Feb. 8, 2010 review in Publishers Weekly:
"A journalist and United Church of Christ ordained minister, MacDonald, an occasional PW contributor, bemoans the rise of “America’s religious marketplace,” taking church leaders to task for caving in to pressure to provide inoffensive, low-threshold environments that keep members comfortable. Critically examining contemporary efforts such as small group ministries, which he considers insular, and short-term missions, which he regards as misguided efforts to satisfy participants’ demands, MacDonald rebukes both fast-growing megachurches and mainline Protestants for not holding members to high Christian standards. He suggests that spiritual disciplines such as fasting and honoring Lent as a “structured time for introspection” are tools available to address such prevalent social problems as debt, obesity, and divorce. Compellingly arguing against measuring success by attendance or pledge revenue, MacDonald provides examples of communities engaging a “new ethic of asceticism.” The author’s extrapolations from his four-year pastorate of a 40-member congregation occasionally ring bitter, and Christians of good faith may disagree with stances such as “fencing” the communion table—the practice of setting criteria for who can receive communion. Overall, however, MacDonald’s journalistic prowess makes this book a thought-provoking challenge to today’s church."
"G. Jeffrey MacDonald writes with a journalist’s eye and a preacher’s heart. The crisis he identifies in this provocative and timely book has serious implications not only for America’s religious life but also for our broader culture and politics."
- Dan Rather, Global Correspondent and Managing Editor of HDNet's Dan Rather Reports
“With deft analysis and uncommon wisdom, Jeffrey MacDonald has produced a devastating critique of the cult of consumerism and easy affirmation that has corrupted American Protestantism in recent years. Protestants, the author argues in this compelling, prophetic, and ultimately hopeful book, have defaulted on their historic and culturally crucial task of moral formation. Thieves in the Temple is the finest, most perceptive book on Protestant life in America in a very long time.”

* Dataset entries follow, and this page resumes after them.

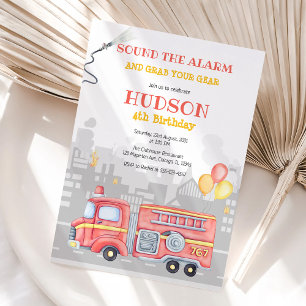 Firetruck Firefighter Kids Birthday Invitation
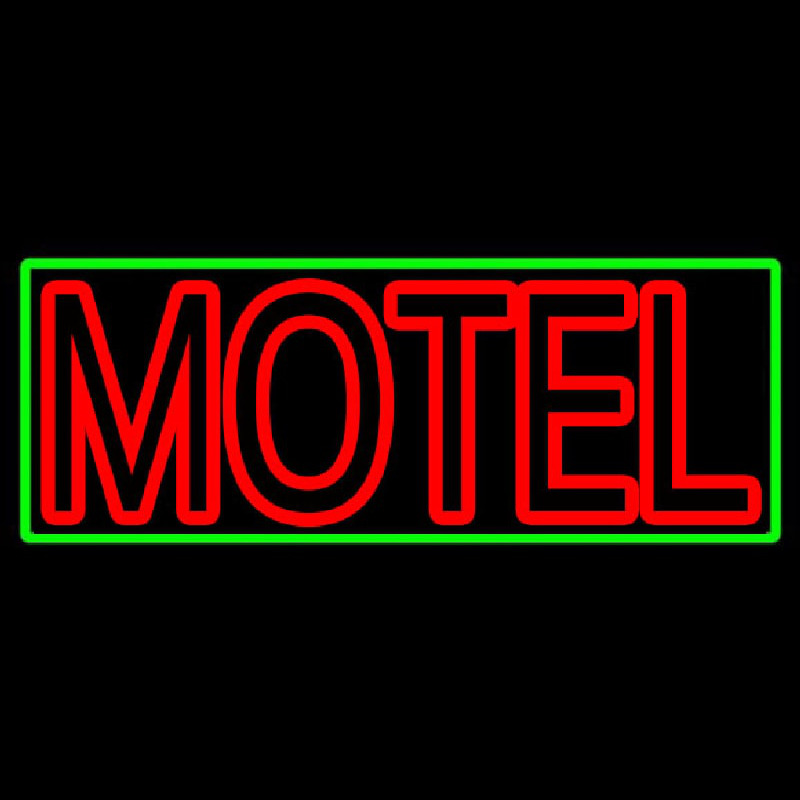 Motel With Green Border Neon Skilt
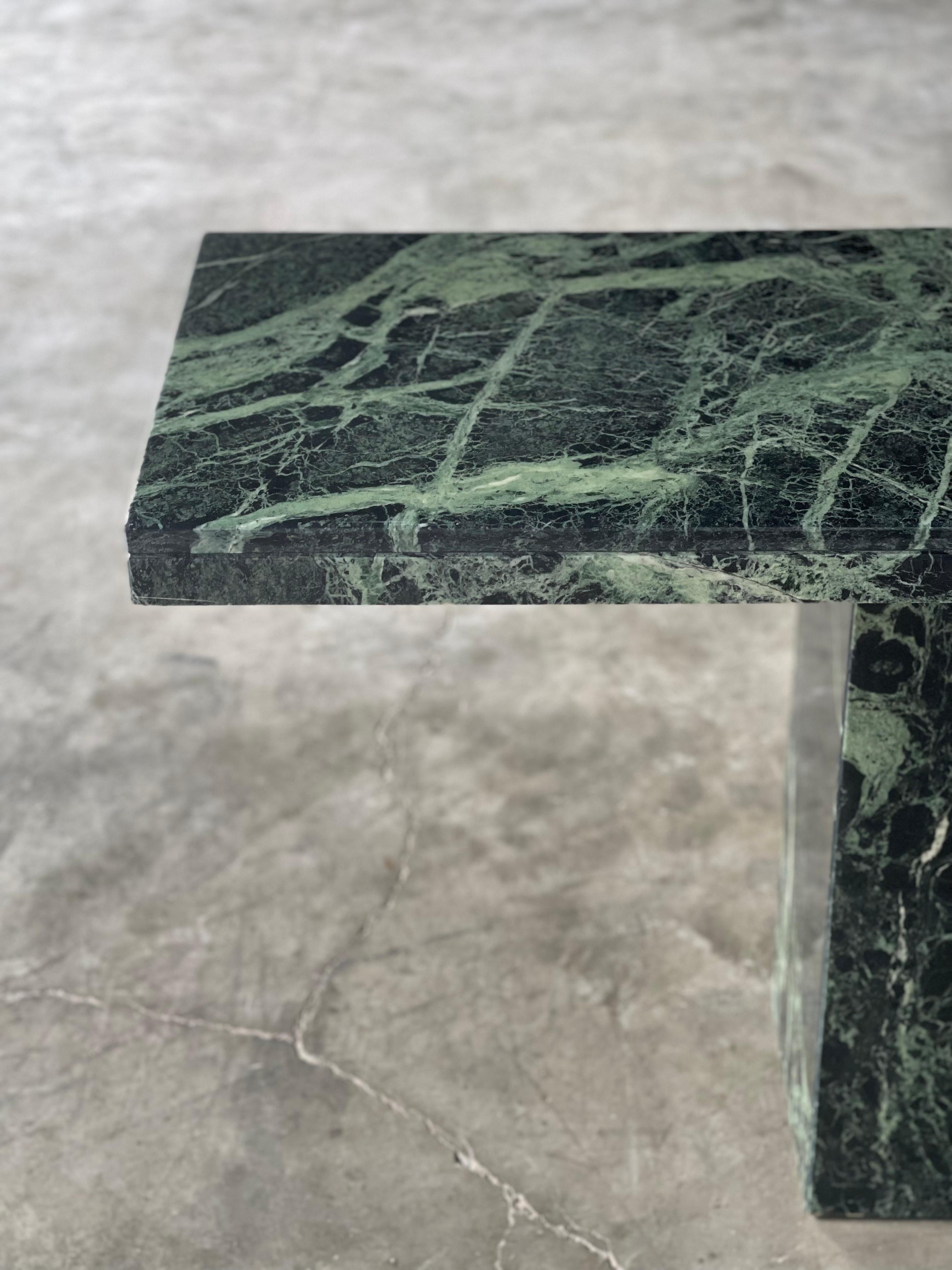 Vintage Italian Serpentine Green Marble Console Table 1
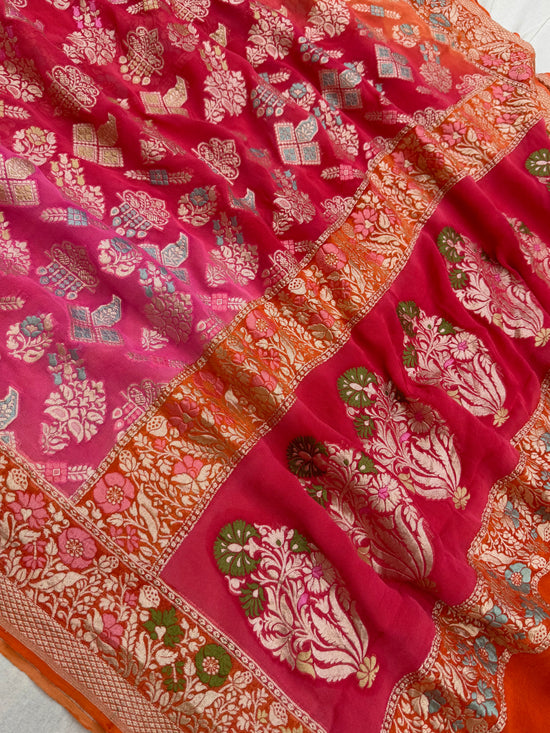 Khaddi Georgette Handloom Banarasi Saree - Gold Zari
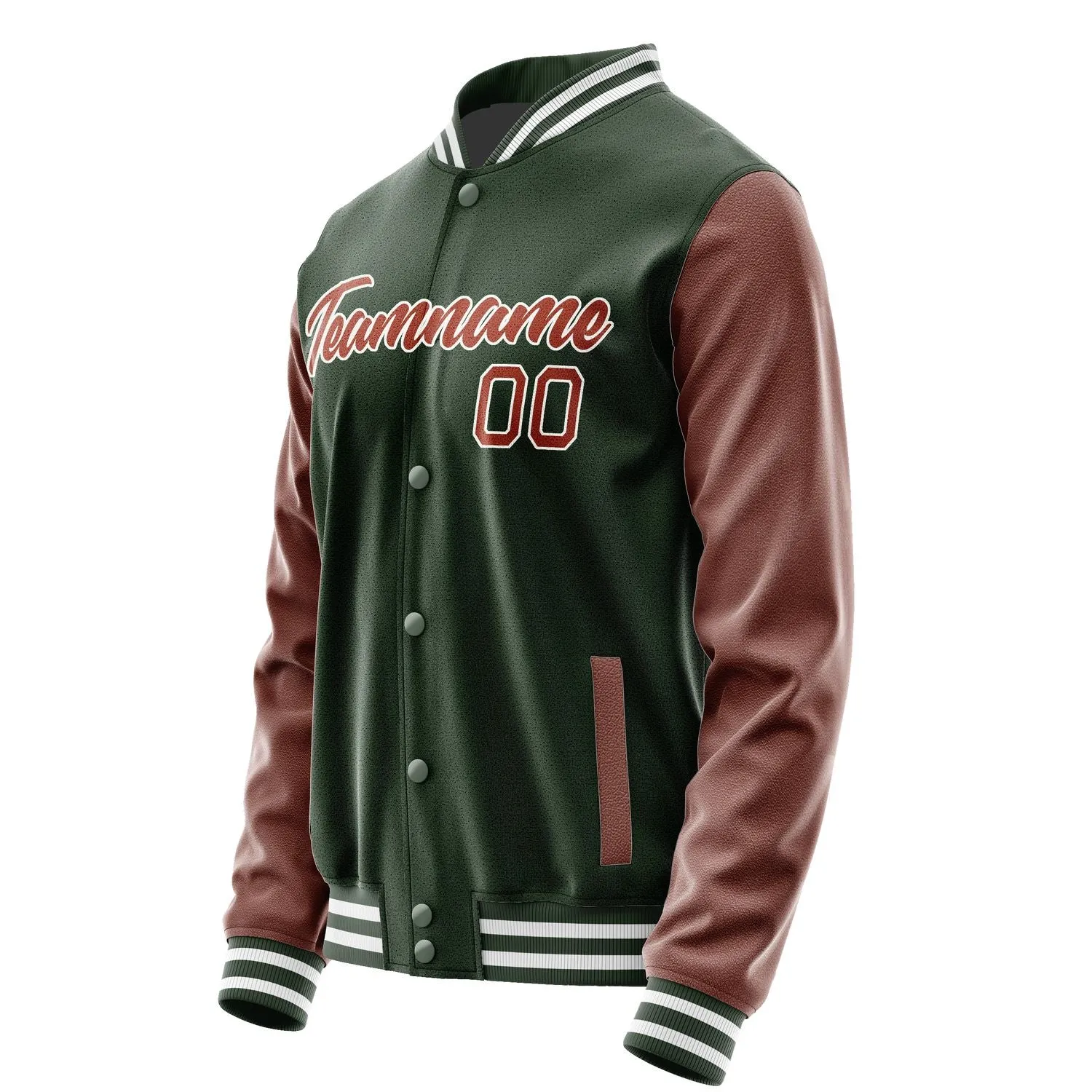 Custom Dark Green Coral Red Jacket sold by Tailorly product image thumbnail 3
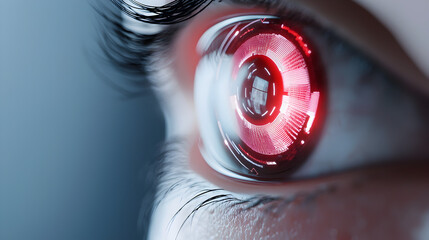Poster - Close-up of a human eye with a futuristic red digital interface overlay, symbolizing advanced technology and cybernetic enhancement.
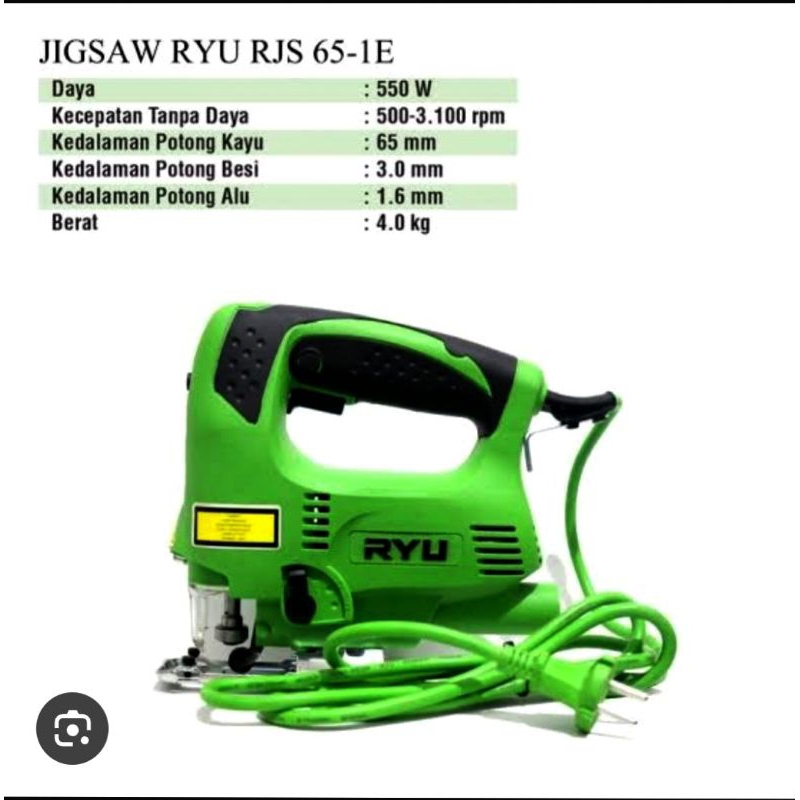MESIN JIGSAW RYU BARANG DIJAMIN ORIGINAL BERGARANSI (RJS65-1E)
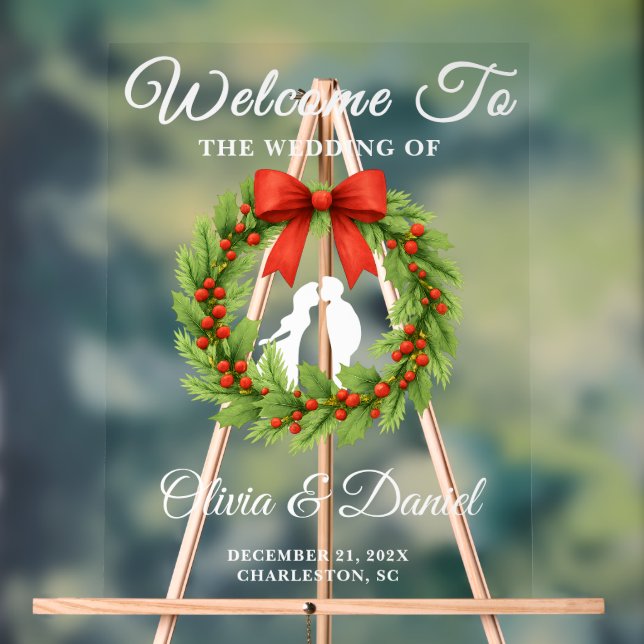 Holly Berry Christmas Wreath Wedding Welcome Acrylic Sign (Neutral)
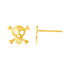 14K Yellow Gold Skull and Crossbones Post Earrings by Bids.com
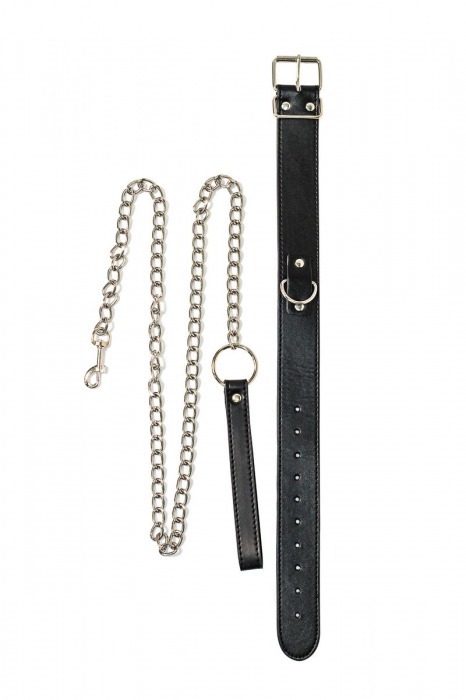 Черный ошейник с поводком Wild - Lola Games - купить с доставкой в Рубцовске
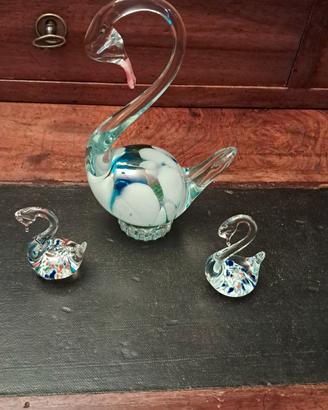 Set di 3 Cigni in vetro di Murano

- Randall Balmer, Episcopal priest, Professor of American Religious History at Barnard College, Columbia University, and author ofThy Kingdom Come: How the Religious Right Distorts the Faith and Threatens America
“Parts of the American church are beginning to resemble a modern Ship of Fools, and Jeffrey MacDonald has fired a timely shot across its bows. A penetrating and wide-ranging analysis of consumer religion, written with sorrow rather than anger, Thieves in the Temple is good reading for any interested observers but essential for pastors and lay people concerned for the integrity of the Christian faith in the modern world.”
- Os Guinness, author of The Last Christian on Earth
“Jeffrey MacDonald's Thieves in the Temple is written with clarity and verve. He argues passionately that the wholesale embrace of a consumerist driven model of culture threatens ‘the very soul’ of the Christian churches, and he does so in a manner free from the spite and resentment that too often accompany such critiques. Thieves in the Temple deserves a wide readership.”
- Jean Bethke Elshtain, Laura Spelman Rockefeller Professor of Social and Political Ethics at the University of Chicago and author of Sovereignty: God, State, and Self
“No one seriously concerned about the future of the churches can afford to miss MacDonald’s critique and vision.”
- Rev. Dr. Roy J. Enquist, chaplain of Washington National Cathedral and emeritus professor of theology at Gettysburg Seminary.